* **What you will do**
Begin at the line that has "slice of cake", stop after the line that has "Woman pulling a", and print exactly those lines from the records below, without any pictures.
[Records]
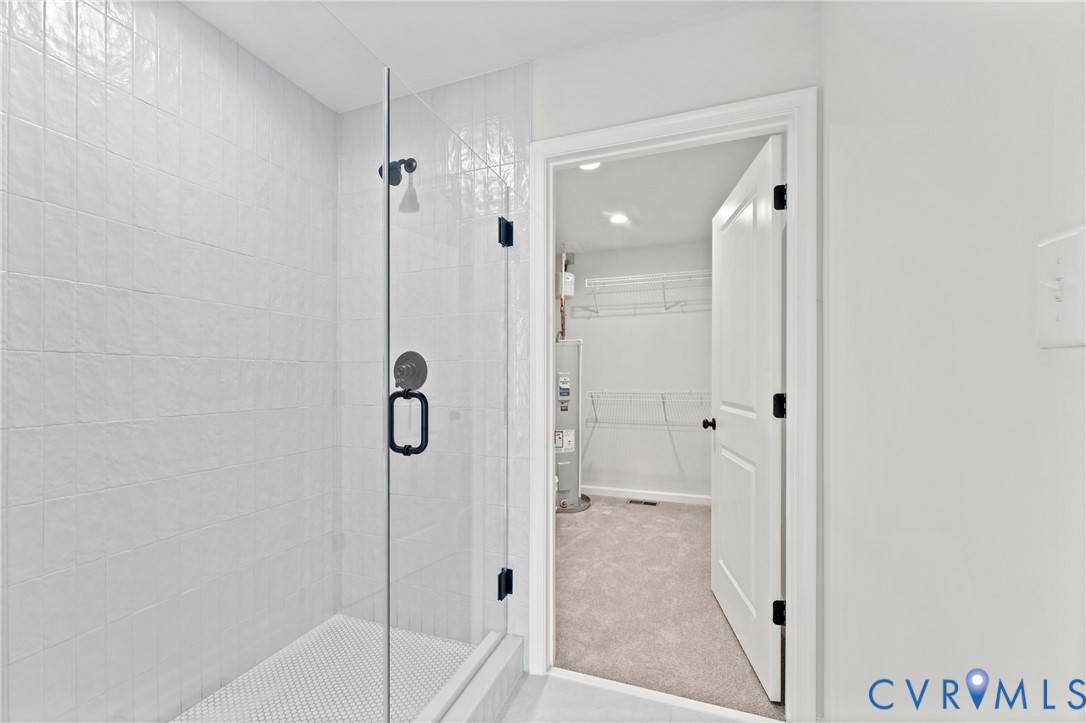 887 Campers Lane Ruther Glen, VA 22546 - Photo 20 of 42 a bathroom with a glass shower door and a sink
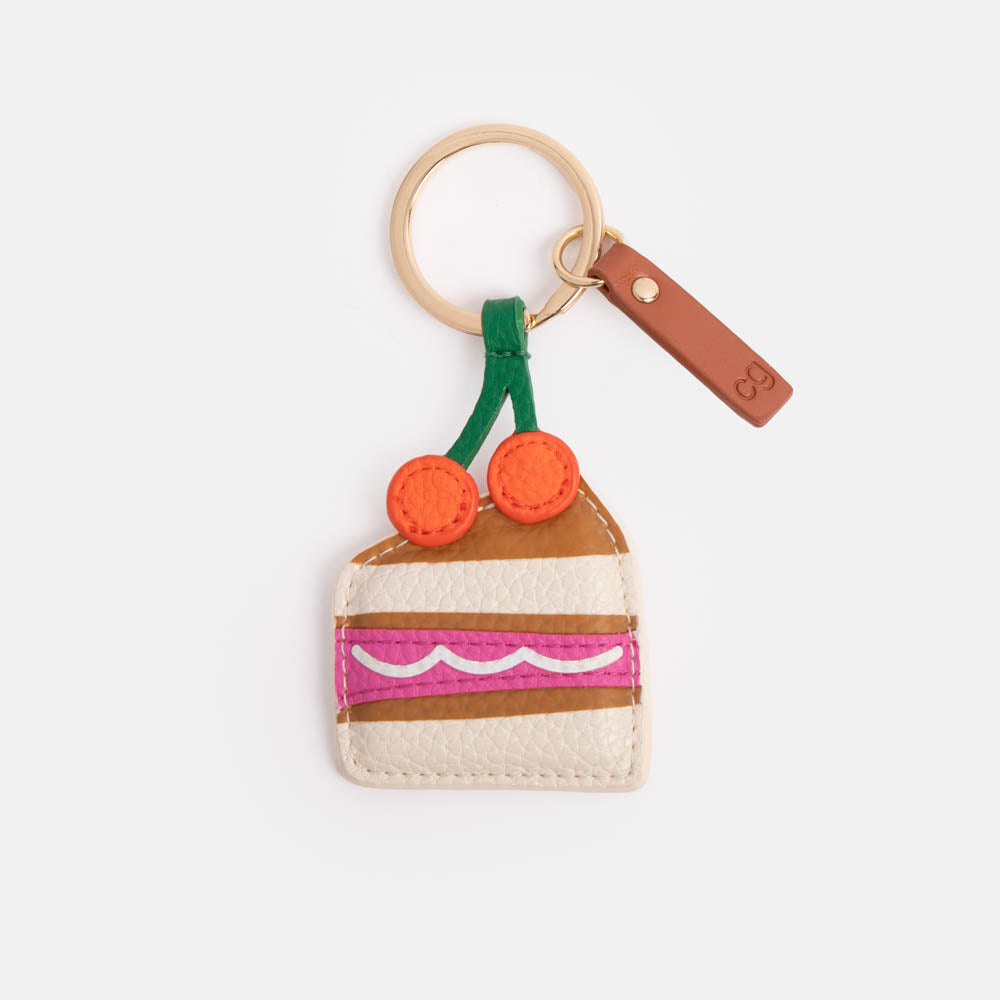 slice of cake with cherries on top padded leather look keyring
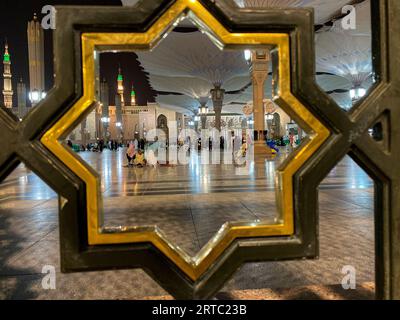 Medina, Arabia Saudita - 22 agosto 2023: I pellegrini camminano sotto ombrelli giganti nel complesso della Moschea Nabawi. Baldacchino a Masjid Nabawi a Medina, in Arabia Saudita Foto Stock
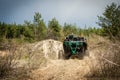 UTV, ATV off road driving in sandy open area. Buggy extreme riding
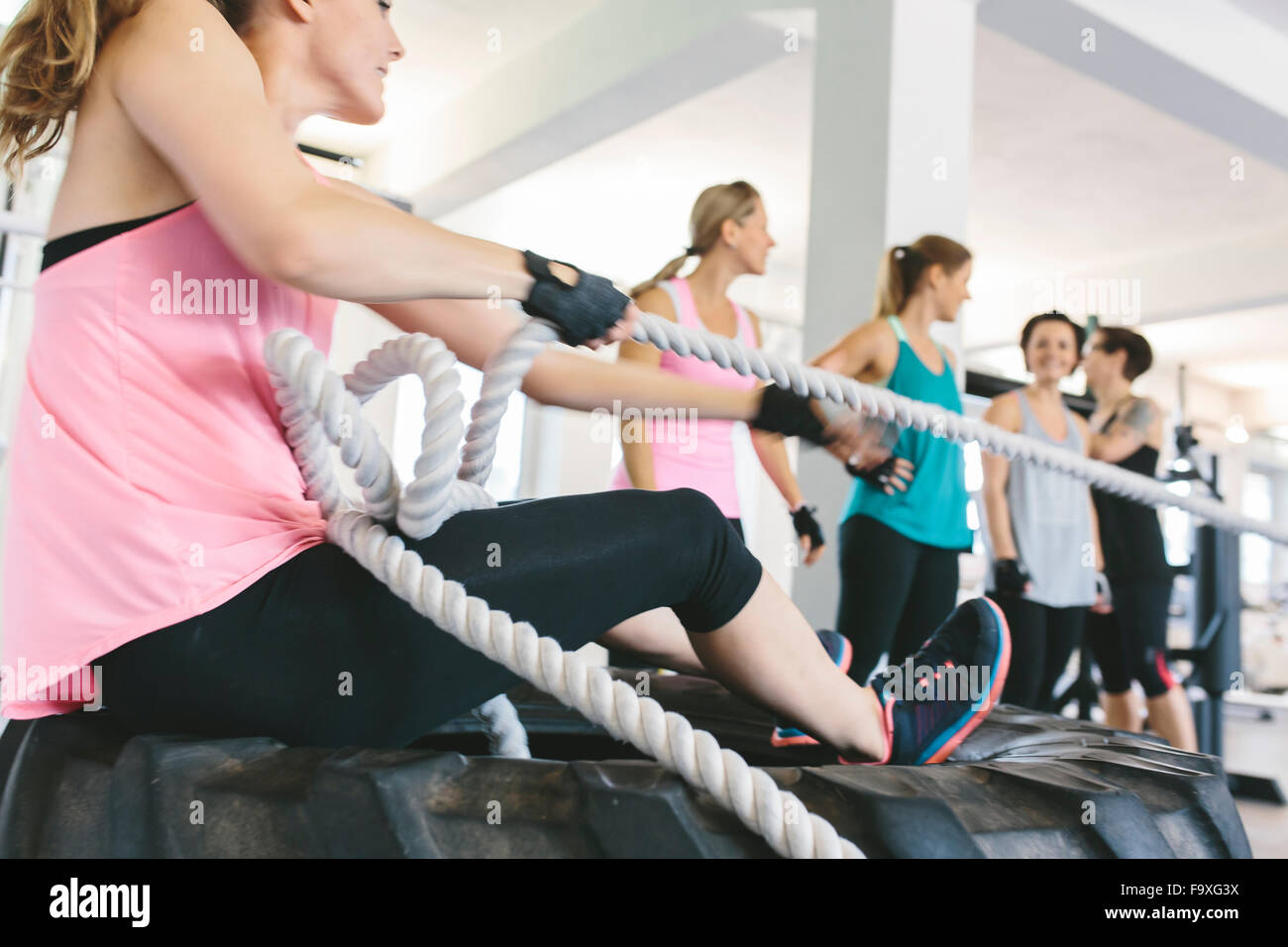 Woman pulling a sled on a rope in gym Stock Photo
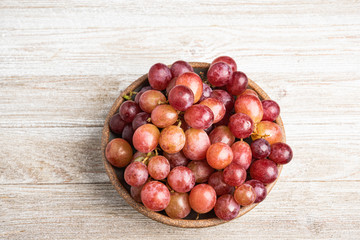 Grapes In A Bowl On Wood Table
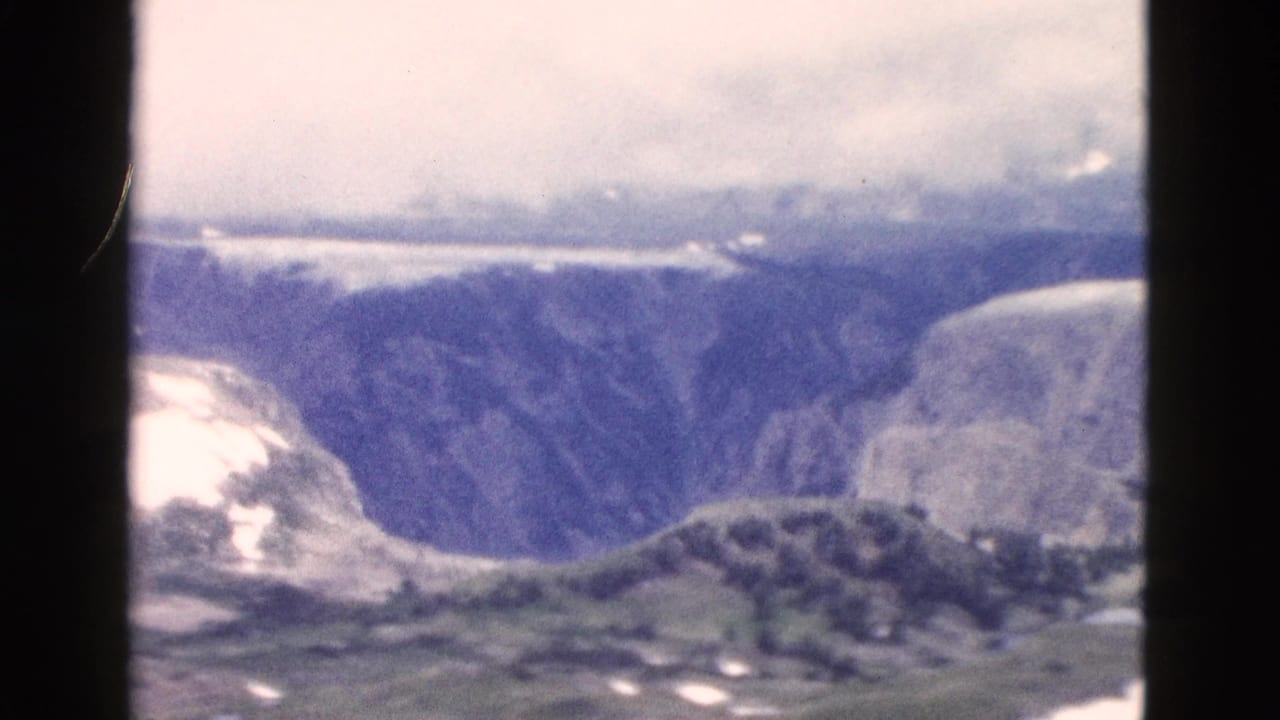 1958 Yellowstone home-movie frame showing a deep valley, rugged cliff faces, lingering snow, and hazy sky from a distant viewpoint.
[/Records]
* **Response to the task**
 slice of cake with cherries on top padded leather look keyring
 Medina, Arabia Saudita - 22 agosto 2023: I pellegrini camminano sotto ombrelli giganti nel complesso della Moschea Nabawi. Baldacchino a Masjid Nabawi a Medina, in Arabia Saudita Foto Stock
 UTV, ATV off road driving in sandy open area. Buggy extreme riding
 Woman pulling a sled on a rope in gym Stock Photo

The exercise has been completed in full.